# Joining the USCA



## Jag (Jul 27, 2012)

When should you do this? Is it too early to join now with a nearly 7 month old? If I do join now, when should I bother to get a score book? Or does that just come when you join?


----------



## Liesje (Mar 4, 2007)

I would join right away. At the very least, you get the magazine  I'd get a scorebook too. That part is really cheap so why not. Better than remembering a few days before the first trial that you still need one!


----------



## onyx'girl (May 18, 2007)

The magazine is nice....$100 annual dues.
I joined because my club at that time required it(my dog was 10 months old) This was right at the time the USCA changed the rule that you couldn't belong to another GSD organization, so I had to wait til my GSDCA-WDA membership expired.
I waited to get my scorebook(AWDF) a few months before going for the BH. 
They send scorebooks out quick. 
The first of the year is when you are up for renewal on the membership....so may as well do it now, because if you pay the $100 in June, it isn't pro-rated. Enjoy the magazine as long as you're paying for it!


----------



## ayoitzrimz (Apr 14, 2010)

First you join. It's an annual fee of $100 i believe. Then you get a scorebook for your dog. That is a one time thing. I'm not sure there is an age requirement but do notice this:
1. you cannot go for BH before age 15 months (I think)
2. There is a lot of training before going for the BH especially for a new handler (I would know, I only have one schutzhund dog myself)

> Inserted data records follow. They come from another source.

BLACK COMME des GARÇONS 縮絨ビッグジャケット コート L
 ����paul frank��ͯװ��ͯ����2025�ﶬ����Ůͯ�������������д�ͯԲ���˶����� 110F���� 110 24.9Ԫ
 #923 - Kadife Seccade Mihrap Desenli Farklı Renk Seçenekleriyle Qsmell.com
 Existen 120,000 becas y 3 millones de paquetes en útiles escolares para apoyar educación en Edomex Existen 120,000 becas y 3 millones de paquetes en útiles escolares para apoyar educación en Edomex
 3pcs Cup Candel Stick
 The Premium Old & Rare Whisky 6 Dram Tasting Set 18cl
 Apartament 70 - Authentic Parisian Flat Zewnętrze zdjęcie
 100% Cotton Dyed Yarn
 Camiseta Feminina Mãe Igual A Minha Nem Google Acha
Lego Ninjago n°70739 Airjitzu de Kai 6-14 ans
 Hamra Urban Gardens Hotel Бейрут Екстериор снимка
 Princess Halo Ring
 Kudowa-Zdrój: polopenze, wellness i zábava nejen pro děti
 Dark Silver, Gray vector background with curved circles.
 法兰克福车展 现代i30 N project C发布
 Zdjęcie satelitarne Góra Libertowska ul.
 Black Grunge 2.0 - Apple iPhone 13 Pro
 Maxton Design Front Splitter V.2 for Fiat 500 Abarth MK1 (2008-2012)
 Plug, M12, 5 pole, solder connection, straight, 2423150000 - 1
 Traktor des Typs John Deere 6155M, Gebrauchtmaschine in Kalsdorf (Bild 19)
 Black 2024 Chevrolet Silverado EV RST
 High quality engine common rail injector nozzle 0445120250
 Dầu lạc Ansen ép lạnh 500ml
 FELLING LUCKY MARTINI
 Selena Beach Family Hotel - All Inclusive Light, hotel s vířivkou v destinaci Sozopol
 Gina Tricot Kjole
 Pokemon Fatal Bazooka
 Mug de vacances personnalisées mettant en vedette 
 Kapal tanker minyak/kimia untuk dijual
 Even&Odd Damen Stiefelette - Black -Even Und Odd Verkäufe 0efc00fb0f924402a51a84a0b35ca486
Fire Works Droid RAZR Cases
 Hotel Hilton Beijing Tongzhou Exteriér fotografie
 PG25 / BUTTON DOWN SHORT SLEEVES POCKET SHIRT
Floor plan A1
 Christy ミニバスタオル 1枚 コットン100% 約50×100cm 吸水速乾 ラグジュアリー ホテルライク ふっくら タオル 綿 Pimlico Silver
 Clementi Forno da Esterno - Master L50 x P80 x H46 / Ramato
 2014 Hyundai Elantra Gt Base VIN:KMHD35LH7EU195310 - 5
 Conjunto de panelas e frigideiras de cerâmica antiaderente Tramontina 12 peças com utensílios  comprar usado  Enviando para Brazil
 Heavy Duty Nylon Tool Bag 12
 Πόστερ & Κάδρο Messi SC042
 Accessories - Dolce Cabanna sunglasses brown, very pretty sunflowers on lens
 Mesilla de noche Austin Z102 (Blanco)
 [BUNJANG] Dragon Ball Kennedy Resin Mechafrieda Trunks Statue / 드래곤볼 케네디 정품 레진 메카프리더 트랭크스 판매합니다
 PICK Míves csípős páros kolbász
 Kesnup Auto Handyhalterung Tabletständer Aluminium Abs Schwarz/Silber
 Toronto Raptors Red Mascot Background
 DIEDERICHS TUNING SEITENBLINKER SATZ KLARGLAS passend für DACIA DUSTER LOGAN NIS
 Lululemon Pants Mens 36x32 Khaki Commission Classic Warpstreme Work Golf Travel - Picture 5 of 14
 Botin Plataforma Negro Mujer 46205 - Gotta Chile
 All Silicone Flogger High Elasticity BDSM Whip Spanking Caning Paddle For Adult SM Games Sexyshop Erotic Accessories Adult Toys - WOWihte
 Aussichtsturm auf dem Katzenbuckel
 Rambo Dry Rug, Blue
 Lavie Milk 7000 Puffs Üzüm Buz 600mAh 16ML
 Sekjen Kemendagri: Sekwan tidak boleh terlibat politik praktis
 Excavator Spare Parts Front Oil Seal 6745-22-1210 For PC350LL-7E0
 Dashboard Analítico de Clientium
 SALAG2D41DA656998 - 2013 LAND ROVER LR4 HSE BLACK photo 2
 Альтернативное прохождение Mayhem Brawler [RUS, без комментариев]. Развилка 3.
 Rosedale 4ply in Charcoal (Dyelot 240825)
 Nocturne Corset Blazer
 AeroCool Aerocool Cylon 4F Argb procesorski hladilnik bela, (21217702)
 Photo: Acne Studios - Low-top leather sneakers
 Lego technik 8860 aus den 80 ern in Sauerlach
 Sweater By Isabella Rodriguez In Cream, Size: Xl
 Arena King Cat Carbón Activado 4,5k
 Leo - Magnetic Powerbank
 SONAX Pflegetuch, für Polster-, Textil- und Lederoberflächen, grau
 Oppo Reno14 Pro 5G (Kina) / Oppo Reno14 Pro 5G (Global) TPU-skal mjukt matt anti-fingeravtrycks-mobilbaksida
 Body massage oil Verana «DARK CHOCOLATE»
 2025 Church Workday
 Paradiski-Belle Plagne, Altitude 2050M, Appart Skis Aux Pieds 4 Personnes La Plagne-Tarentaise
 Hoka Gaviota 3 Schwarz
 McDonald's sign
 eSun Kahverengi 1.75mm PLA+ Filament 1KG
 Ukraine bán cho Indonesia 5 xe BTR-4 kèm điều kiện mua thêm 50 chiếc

So, if you don't anticipate trialing within the next year, no point in wasting $100. I might start registering a few months before the trial. It took less than a month for my USCA membership to come through and less than a month for my dog's scorebook to come in so do it 4-6 months before a trial and you'll have plenty of buffer room.

Hope this helps


----------



## Liesje (Mar 4, 2007)

Jane is that a new thing? I've always renewed in November and my new card is good through Nov 2013.


----------



## ayoitzrimz (Apr 14, 2010)

onyx'girl said:


> The magazine is nice....$100 annual dues.
> I joined because my club at that time required it(my dog was 10 months old) This was right at the time the USCA changed the rule that you couldn't belong to another GSD organization, so I had to wait til my GSDCA-WDA membership expired.
> I waited to get my scorebook(AWDF) a few months before going for the BH.
> They send scorebooks out quick.
> The first of the year is when you are up for renewal on the membership....so may as well do it now, because if you pay the $100 in June, it isn't pro-rated. Enjoy the magazine as long as you're paying for it!


I'm not sure if that last bit is correct. I do believe my membership runs from september to september, but I have to check when I get home.


----------



## onyx'girl (May 18, 2007)

Hmmm, I joined in March, and was sent the renewal a couple weeks ago. I just opened it and it is dated March 1st...so take that back! I was thinking it was because they started Jan-Jan.

Good to know I'm wrong!!! And that they are so efficient with the renewal postcard.


----------



## robk (Jun 16, 2011)

I would not join unless I was sure I would trial with in one year.


----------



## Liesje (Mar 4, 2007)

One's club may require it though. I haven't trialed in over a year (well, we did ADs and a BH at an RKNA trial under a USCA judge) but I've remained a member for 2.5 years and am now part of a member club.


----------



## Jag (Jul 27, 2012)

Thank you for all the input! I think I'm going to go ahead and join now. I'd like the magazine, also. True, for the cost of the book I may as well get that now, also. Who knows when he'll be ready to trial, but at least I won't forget to get it!


----------



## Liesje (Mar 4, 2007)

Also, you can record almost anything in the AWDF book. You can have the judge write in show ratings (should you pursue that), dental notation, and other types of titles. I actually got Nikon's AWDF book for an SDA trial, that was a year before his SchH1 trial.


----------



## wolfstraum (May 2, 2003)

USCA is a 12 month membership, your renewal is 12 months after you join - I have had an Aug renewal since 98? - GSDCA-WDA is annual (Jan 1 to Dec 31)..

The scorebooks are now AWDF not USCA, so it can be used anywhere....WDA was accepting this one when Hexe went for Sch1...I usually wait until I know the hips/elbows ok, then get scorebooks...

The magazines have trial results - if it interests you, sometimes you can buy back issues on ebay...I collected back to the mid 80s that way

Lee


----------



## onyx'girl (May 18, 2007)

wolfstraum said:


> USCA is a 12 month membership, your renewal is 12 months after you join - I have had an Aug renewal since 98? - *GSDCA-WDA is annual (Jan 1 to Dec 31)..*
> 
> The scorebooks are now AWDF not USCA, so it can be used anywhere....WDA was accepting this one when Hexe went for Sch1...I usually wait until I know the hips/elbows ok, then get scorebooks...
> 
> ...


Thats why I was thinking it(UScA) was Jan/Dec...and getting my renewal in Jan when in reality it is March-March. 
I remember when I joined GSDCA-WDA, I paid for a year and my membership only lasted a few months before having to renew.


----------